Next page . . . . Previous page . . . . Speeches . . . . Contents . . . . Debates(HTML) . . . .

Legislative Assembly for the ACT: 1997 Week 8 Hansard (28 August) . . Page.. 2591 ..


MS McRAE (continuing):

Similarly, the incidents the Estimates Committee encountered in, I think, 1995 were disruptive. I do not recall the year; I think it was one of the first Estimates Committee hearings that I chaired. There was a lot of public sector agitation at the time and we had quite noisy and intrusive demonstrations. My questions to the Speaker really had quite a level of sympathy for the type of situation that we can encounter when we do choose to share our proceedings so readily with members of the general public. I think the report that has come out has been sympathetic to those concerns and has quite sensitively dealt with the issues before us.

What I would like to do today, and I hope that it is picked up next year - next year will be the tenth year that this Assembly has been in existence - is propose that now we start thinking about beginning a project next year in which we could begin to write our own set of practices. I know we are inextricably linked to the Westminster system and I know I have said many a time that I think that is very important and that parliaments will always rely on House of Representatives Practice and the further sets of practices from, essentially, the House of Commons. Our link through the standing orders to the House of Commons is a very direct one. If one looks at the standing orders, they come directly from our oldest parliament.

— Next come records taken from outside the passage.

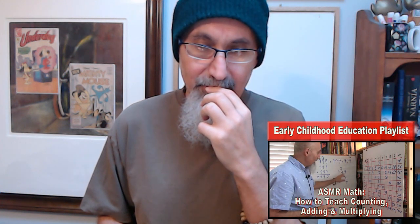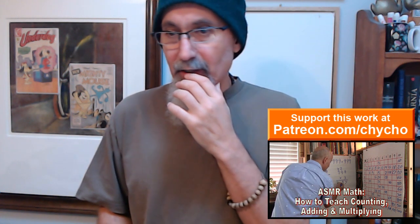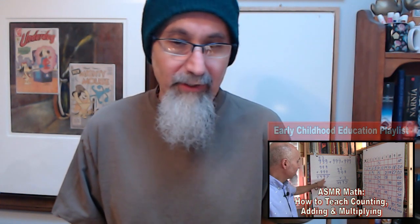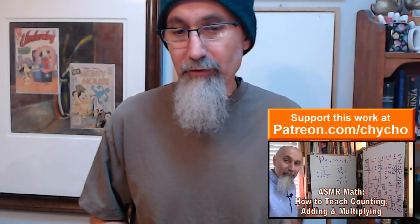The other thing: take a look at the videos we put out. Let me go to our playlist — if you go to the YouTube channel, I put out videos for early childhood education. There are four videos: how to teach counting, how to teach adding, how to teach multiplication, and then there's the whole thing — three videos broken into pieces from one longer video. That's the video you want to see.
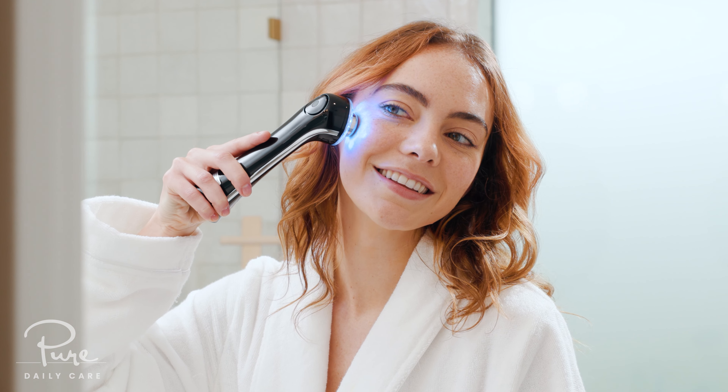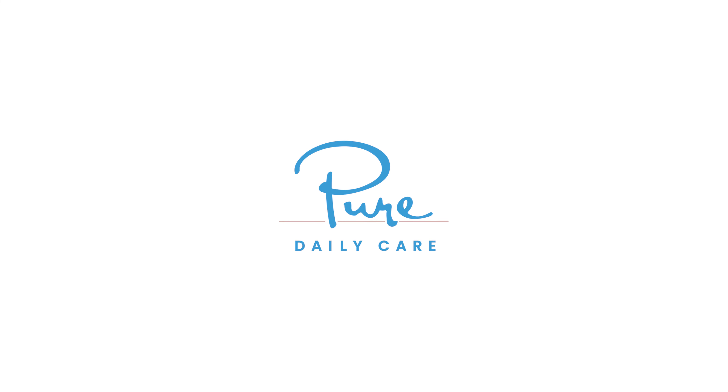Customize your treatment to give your skin exactly what it needs. With LumaWand, the power is in your hands.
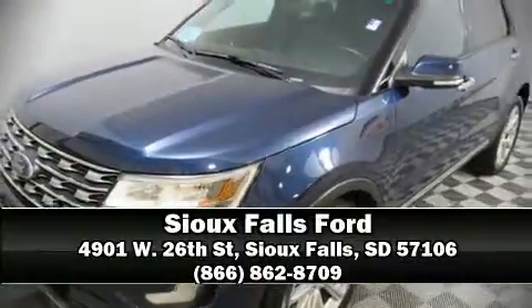Our sales reps are knowledgeable and professional. Call now to schedule a test drive.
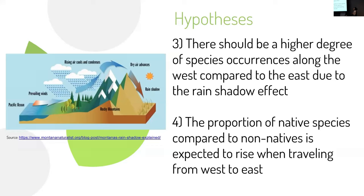For the third hypothesis, I predict a higher degree of species occurrences along the west of the Diablo Range compared to the east, due to the rain shadow effect, where moisture and rainfall are prevented from reaching the other side of a mountain, creating drier environments on one side. Fourth, I predict a larger proportion of native species compared to non-natives, expected to rise when traveling from west to east, because native species are more likely to be adapted to the Mediterranean climate, which would be more severe in rain shadow areas.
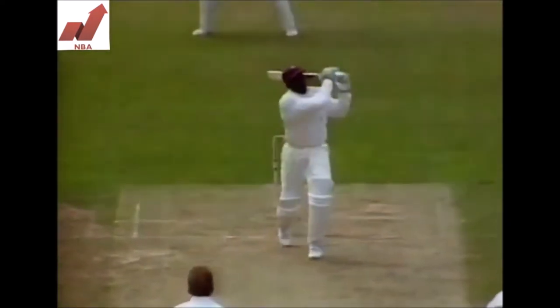Junior Murray prefers to hit to the onside — that's his favourite area and he hits it very well.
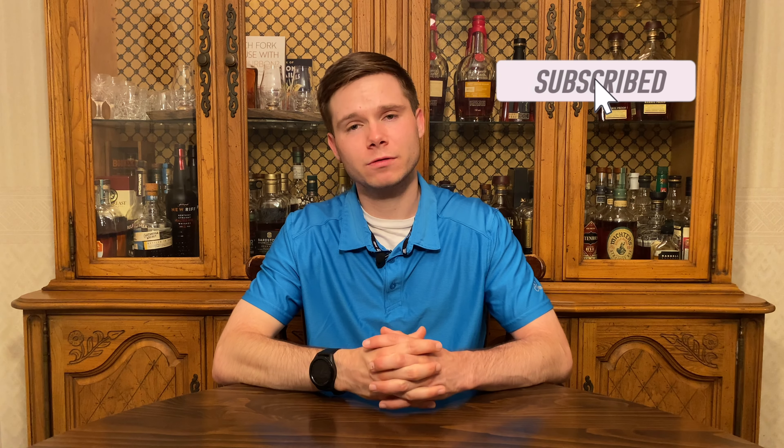They say time is money, so here's six bottles I think are absolutely worth your time to go out and hunt down. Hey everybody, welcome back to another episode of The Bourbon Hutch, and thanks so much for joining me on this journey through the world of whiskey.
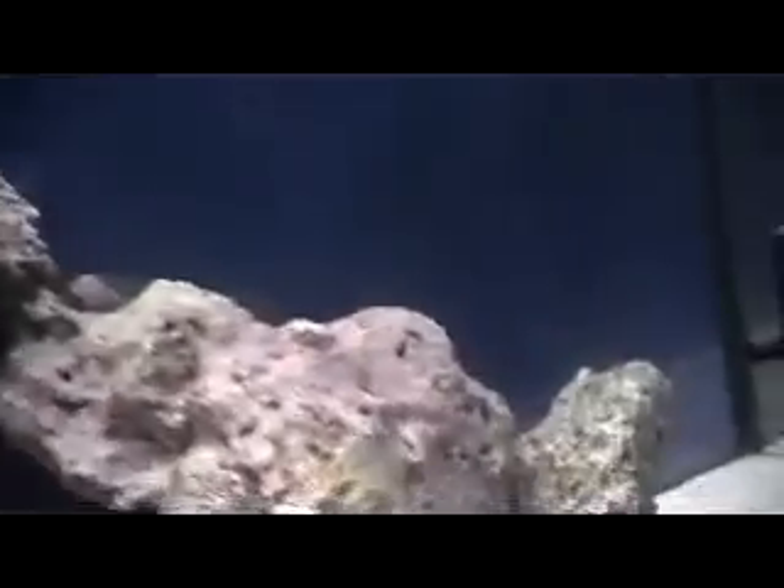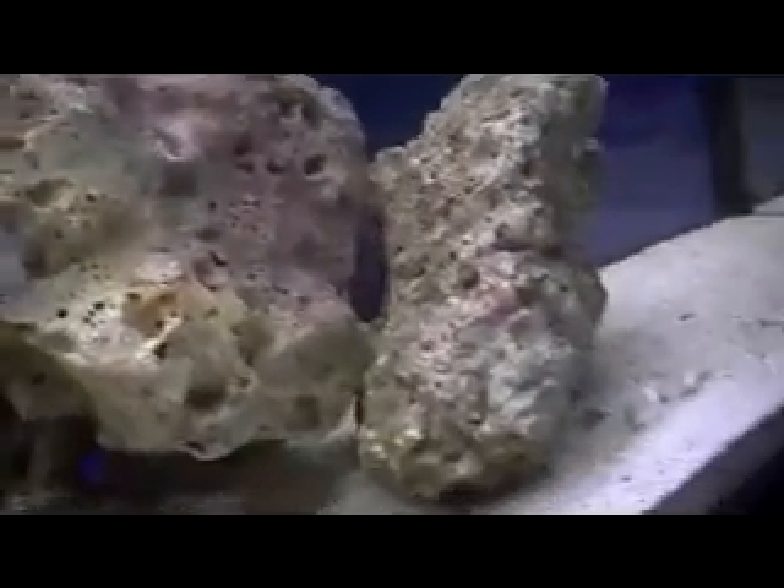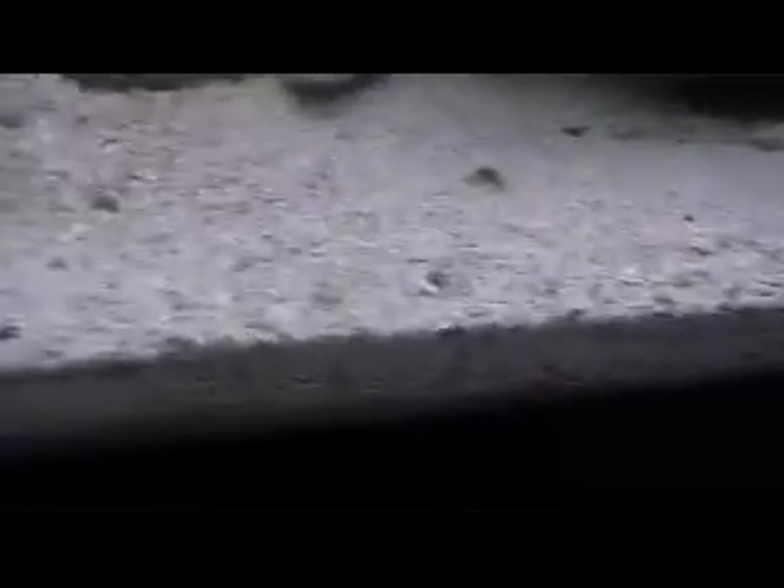It looks pretty clear from the side, but my overflow was terrible — was nice and sparkling clean about a week ago. This rock doesn't have too much on it, but it's pretty much my middle to left side of the tank. My sand is starting to get a little discoloration towards the left side of the tank.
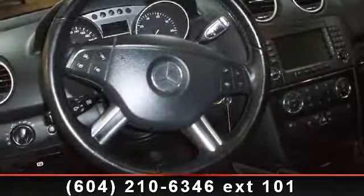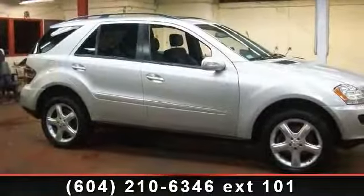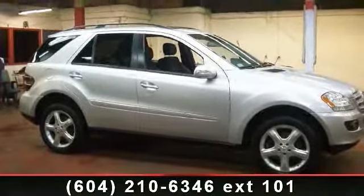This vehicle shows low mileage and has a smooth ride. Let us put you in the driver's seat today. Call or click to contact your dealership.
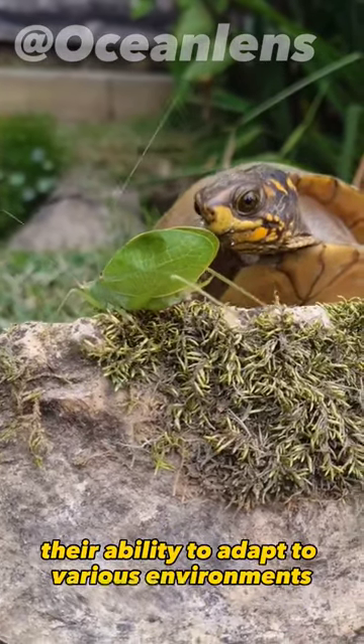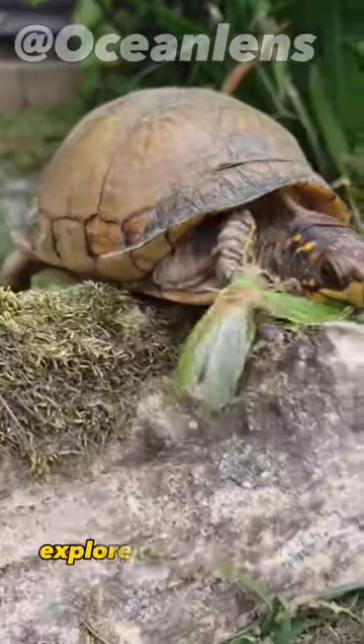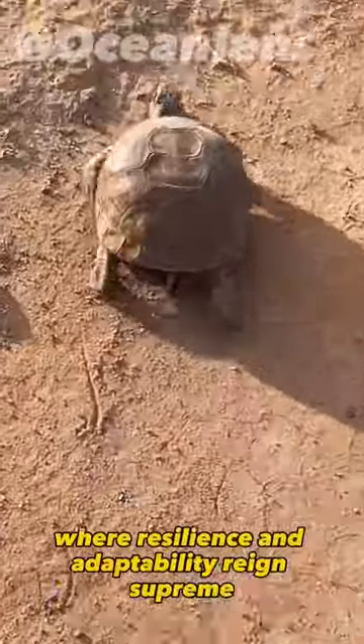Their ability to adapt to various environments and hibernate through harsh winters showcases their remarkable survival skills. Explore the captivating world of the box turtle, where resilience and adaptability reign supreme.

But our practices are very different, our experience is very different; and we are one of the few parliaments throughout the world that are going to be, I believe, consistently minority government parliaments. As such, a lot of the things that happen are very different; a lot of the customs and practices that we have evolved already over the last nine years are profoundly different from the way other parliaments work. Of course, this is an example of how we have had to resolve our own issues - by referring back to other practices, looking at what other parliaments do, but coming up with our own solutions for our own building, our own Government, our own Assembly and our own workings.

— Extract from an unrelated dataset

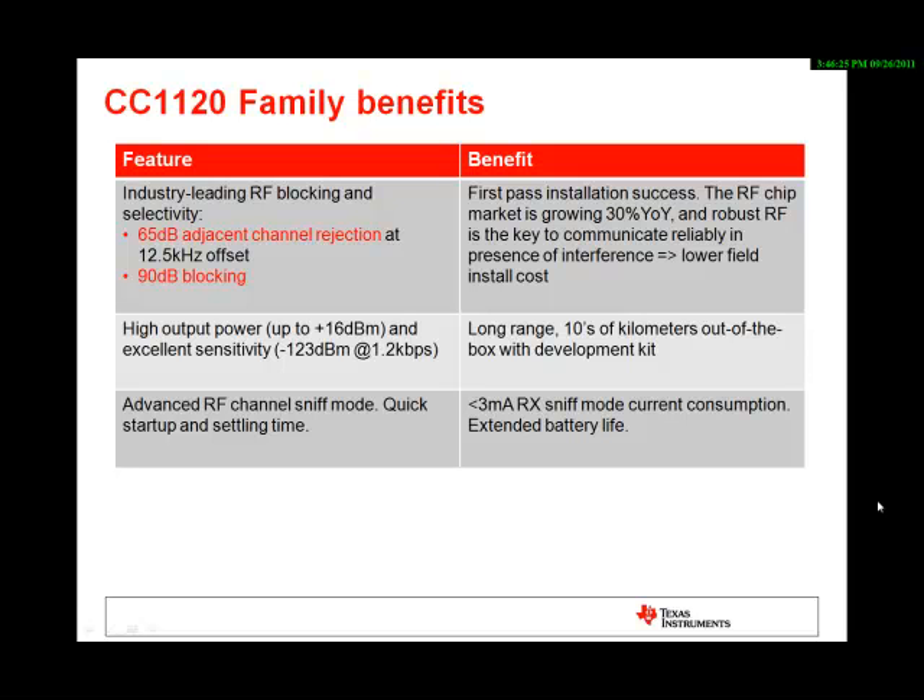Another unique feature of the new family is the so-called advanced channel sniff mode. With this feature, the CC1120 family of devices is able to achieve an average of less than 3 mA received current consumption, depending on the used modulation, data rate, and preamble.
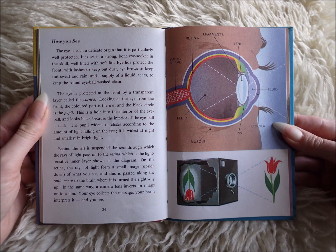Behind the iris is suspended the lens through which the rays of light pass onto the retina, which is the light sensitive inner layer shown in the diagram. On the retina, the rays of light form a small image, upside down, of what you see and this is passed along the optic nerve to the brain where it is turned the right way up.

I think this is the beginning of what should be a more thorough job. It will eventually be done, I suppose, in conjunction with the legislation on the precincts. We need to put that together. Perhaps we ought to start to consider getting the Secretariat busy on a special project and see whether we can start to develop our own set of customs and practices, beliefs, understandings and expectations from our own Assembly, so that we do not revert every time to something which is useful in terms of historical precedent and in terms of interpretation of the Westminster system but is not exactly always practical in an Assembly of 17 which deals with the public that is just there, which has very open committee work, which has a very open building, which has Assembly offices that are electorate offices, which has Assembly offices that are Executive offices as well.

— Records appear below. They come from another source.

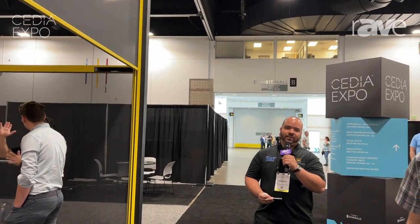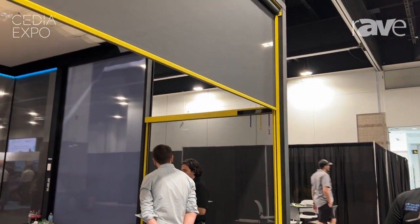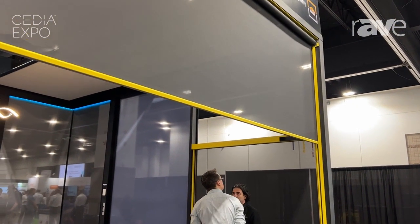Hi, my name is John Carlos with Specialized Shading Systems and we're here at Cedia. I will be exhibiting one of our new systems, which is a SIP screen that can span seven meters or 23 feet on a four by four cassette.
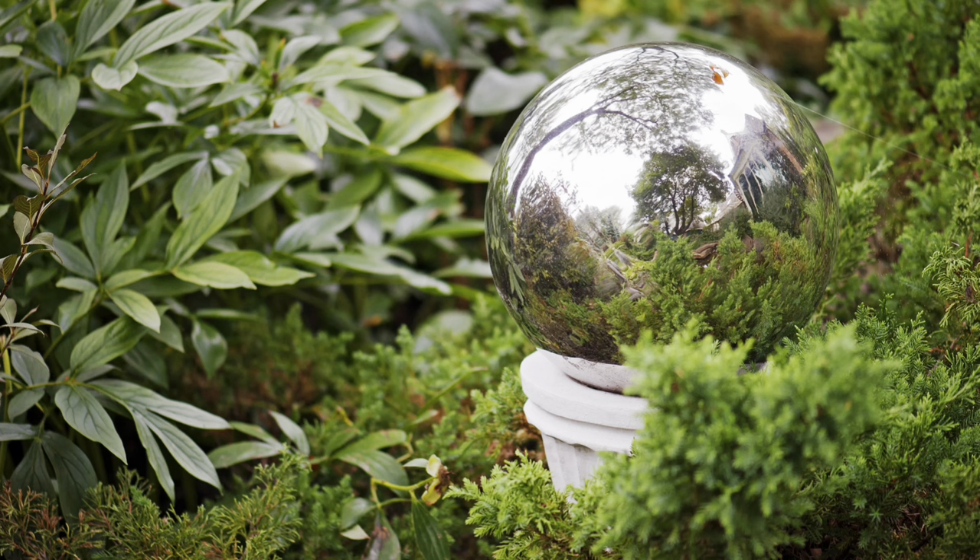Over in Europe at the same time, they were creating the little glass balls which are called witch balls or gazing balls. Sometimes you'll see them even in the garden stores — I've seen tons of gazing balls.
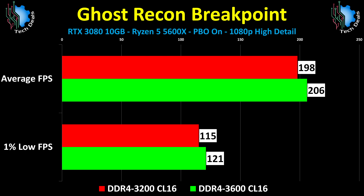Ghost Recon Breakpoint has one of the biggest differences here: 198 to 206, which, if you're just looking at numbers and a chart, sounds like a lot. But let's be honest, this is a 4% difference that you will never, ever see outside of a chart.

This Assembly deals with all of that in a way that very few other parliaments in the Commonwealth or anywhere in the world do. I hope this is a springboard, and if I am lucky enough to be elected next year I will come back to the issue and perhaps start some sort of activity, perhaps through the Administration and Procedure Committee or through a special project, by which we start to draw on our own experiences and start to define our own interpretation of what an Assembly and a parliament means for the people of the ACT.